Sequential therapy with abaloparatide, alendronate cuts fracture risk in older women
A strategy of administering abaloparatide for 18 months followed by 24 months of alendronate holds fracture risk at bay in older postmenopausal women with osteoporosis, as shown in a study.
The safety and efficacy of 18-month abaloparatide treatment for reducing osteoporotic fracture risk and increasing bone mineral density were demonstrated in the ACTIVE trial. These effects were maintained with 24 months of alendronate use in ACTIVExtend.

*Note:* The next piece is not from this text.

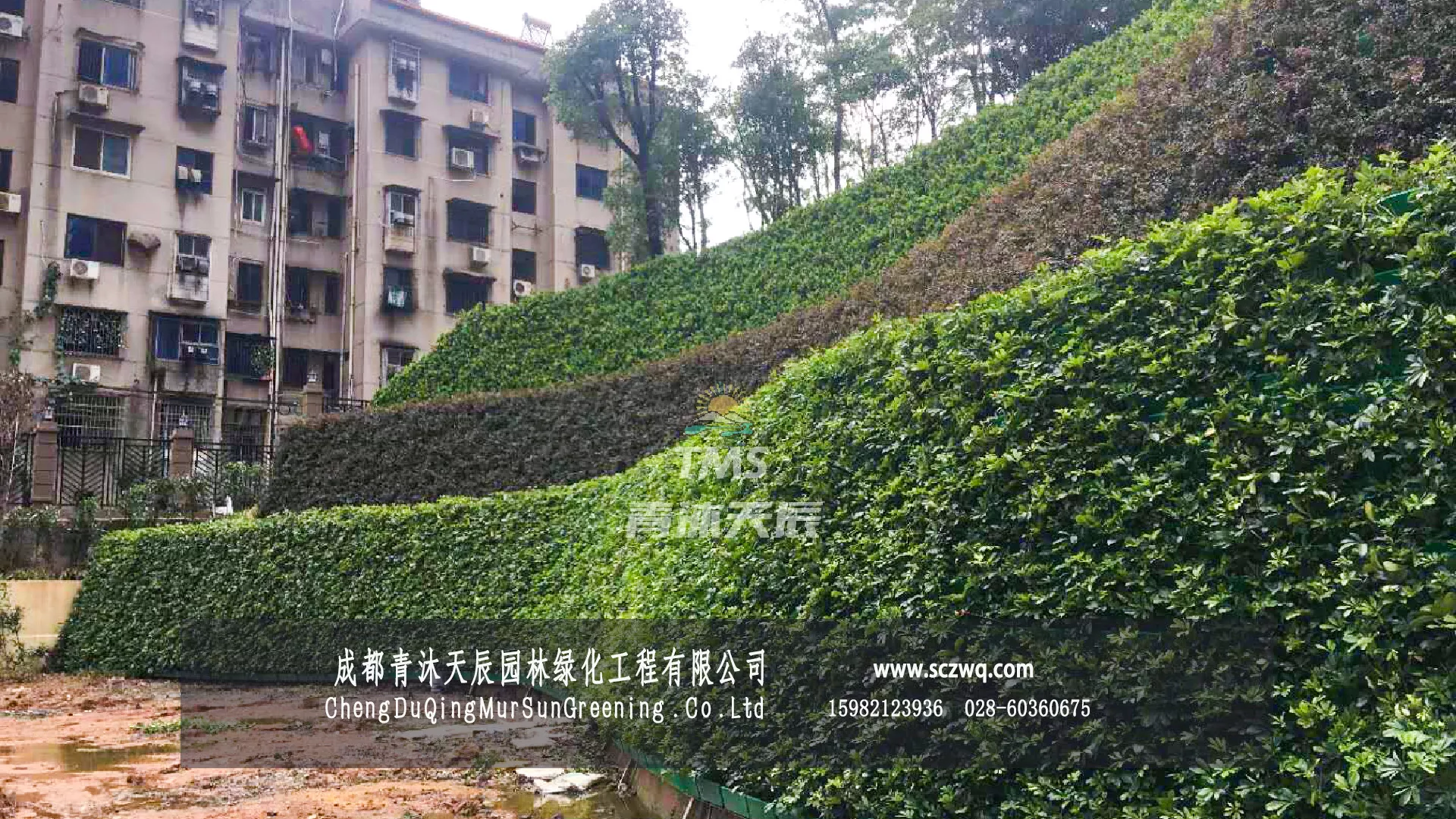 长沙.山体边坡植物墙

Researchers then conducted a posthoc analysis of ACTIVExtend to determine the effect of sequential treatment with abaloparatide then alendronate on fracture risk and bone mineral density in the subgroup of women with osteoporosis aged ≥80 years.
A total of 56 elderly women participated in ACTIVE, and 46 of them completed the ACTIVExtend study. Their mean age was 83.3 years. By the end of abaloparatide therapy, bone mineral density increased at all sites as compared with placebo. This parameter further increased in both groups during alendronate therapy (19–43 months) in ACTIVExtend.
At month 43, mean percent change in bone mineral density from baseline was 17.2 percent with abaloparatide/alendronate vs 8.6 percent with placebo/alendronate at the lumbar spine (p<0.0001); 5.3 percent vs 3.0 percent, respectively, at the total hip (p=0.024); and 4.6 percent vs 3.1 percent, respectively, at the femoral neck (p=0.044).
There were a few women who developed a fracture, and the proportion did not differ significantly between groups.
Sequential treatment with abaloparatide followed by alendronate was well tolerated. The incidence of adverse events was similar across the treatment groups.